Scraped caption text data:
···
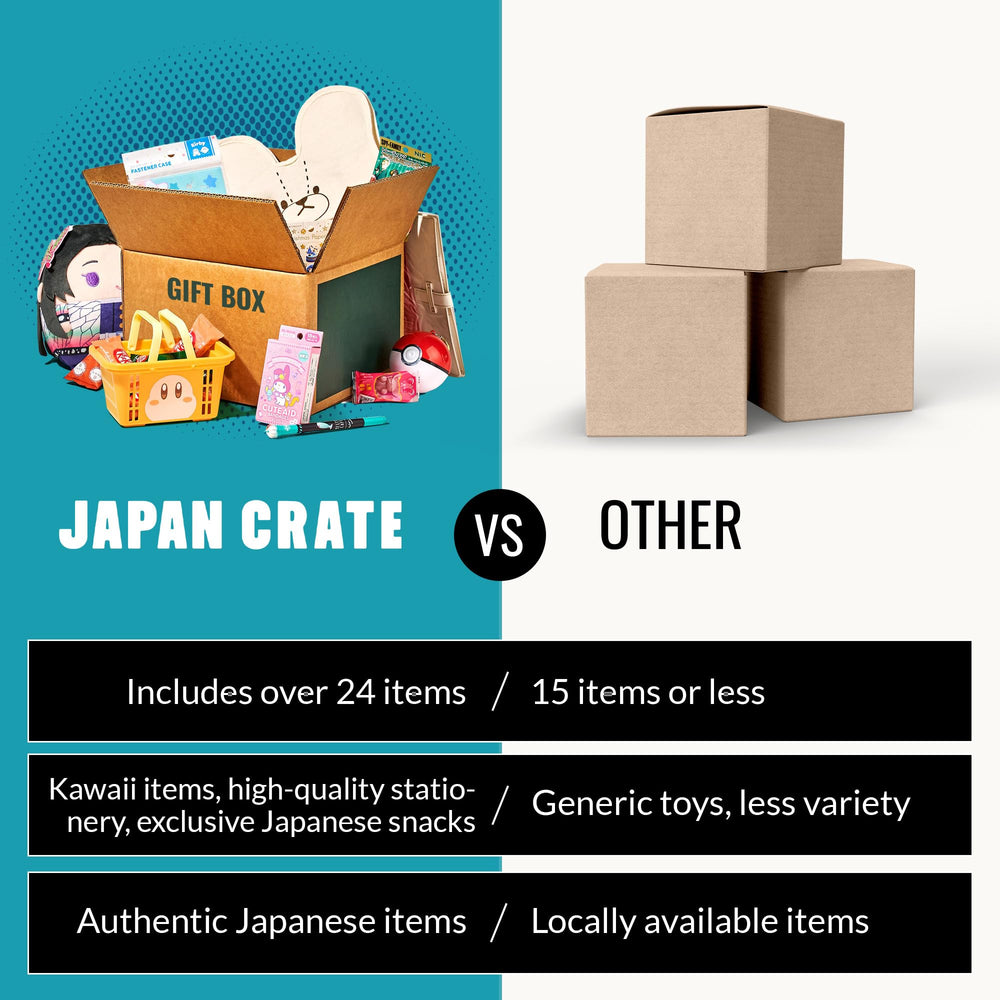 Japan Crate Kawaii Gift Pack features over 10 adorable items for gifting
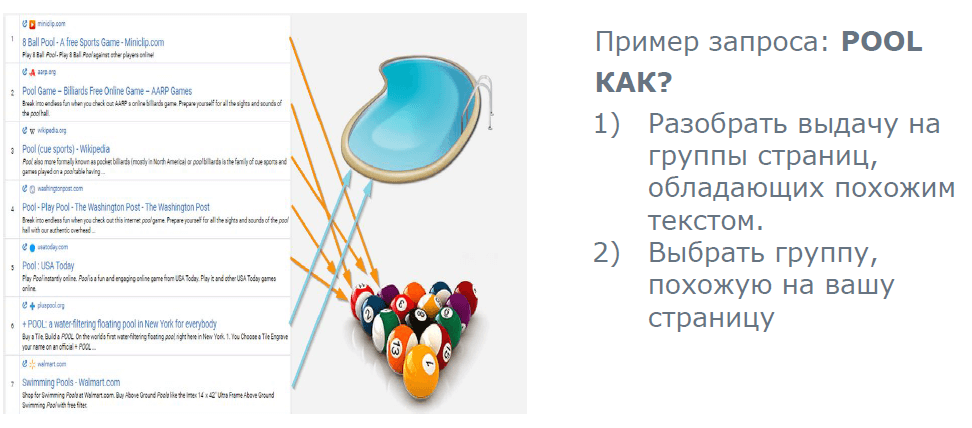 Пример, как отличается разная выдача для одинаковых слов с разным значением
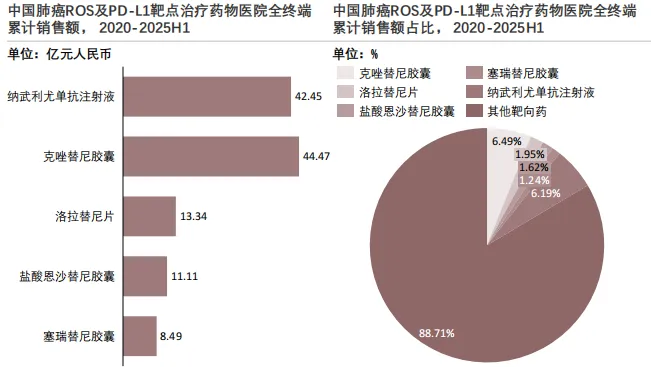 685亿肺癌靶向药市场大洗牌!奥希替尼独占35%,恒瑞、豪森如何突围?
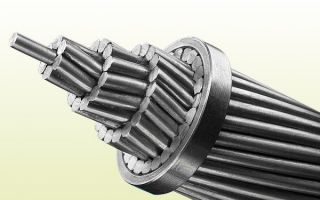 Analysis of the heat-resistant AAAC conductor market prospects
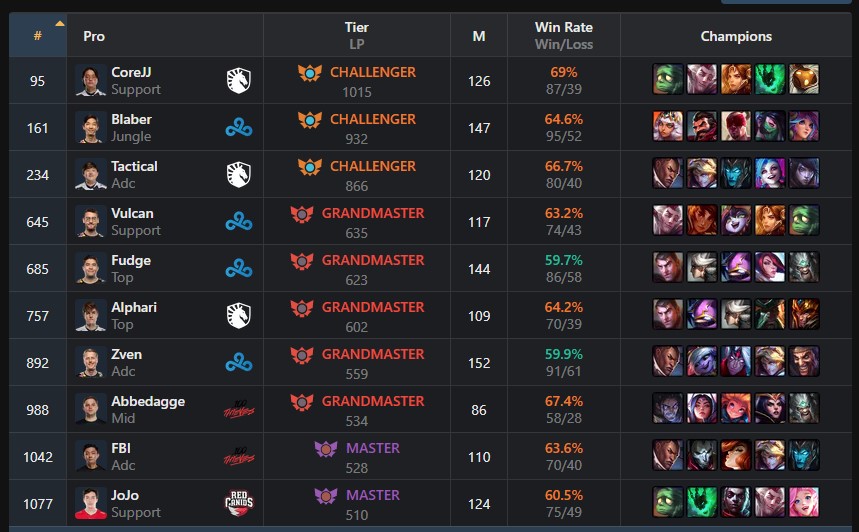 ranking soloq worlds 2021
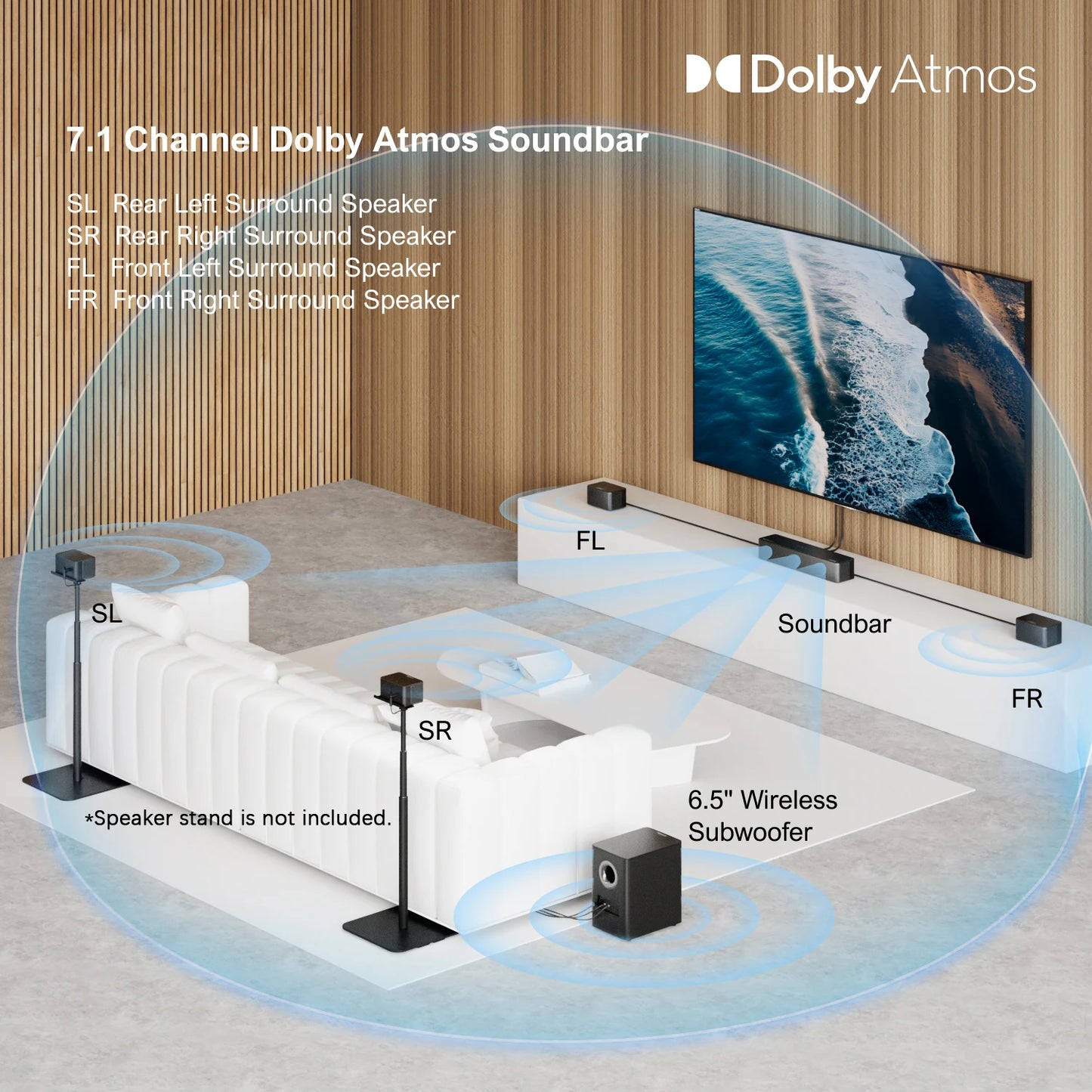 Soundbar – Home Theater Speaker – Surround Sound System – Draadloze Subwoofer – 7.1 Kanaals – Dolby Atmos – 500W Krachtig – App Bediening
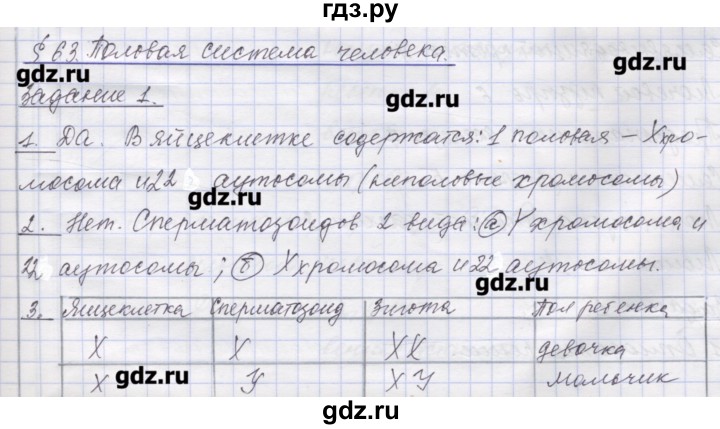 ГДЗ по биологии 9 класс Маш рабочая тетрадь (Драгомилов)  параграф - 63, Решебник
···
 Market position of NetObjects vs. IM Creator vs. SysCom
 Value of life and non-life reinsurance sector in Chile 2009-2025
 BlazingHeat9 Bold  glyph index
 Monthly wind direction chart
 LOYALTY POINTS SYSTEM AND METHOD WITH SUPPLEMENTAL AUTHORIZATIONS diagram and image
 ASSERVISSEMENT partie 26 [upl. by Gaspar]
···
Task requirements: Copy the lines above between the one holding "Japan Crate Kawaii" and the one holding "ГДЗ по биологии", inclusive. Drop the pictures.

Your response:
 Japan Crate Kawaii Gift Pack features over 10 adorable items for gifting
 Пример, как отличается разная выдача для одинаковых слов с разным значением
 685亿肺癌靶向药市场大洗牌!奥希替尼独占35%,恒瑞、豪森如何突围?
 Analysis of the heat-resistant AAAC conductor market prospects
 ranking soloq worlds 2021
 Soundbar – Home Theater Speaker – Surround Sound System – Draadloze Subwoofer – 7.1 Kanaals – Dolby Atmos – 500W Krachtig – App Bediening
 ГДЗ по биологии 9 класс Маш рабочая тетрадь (Драгомилов)  параграф - 63, Решебник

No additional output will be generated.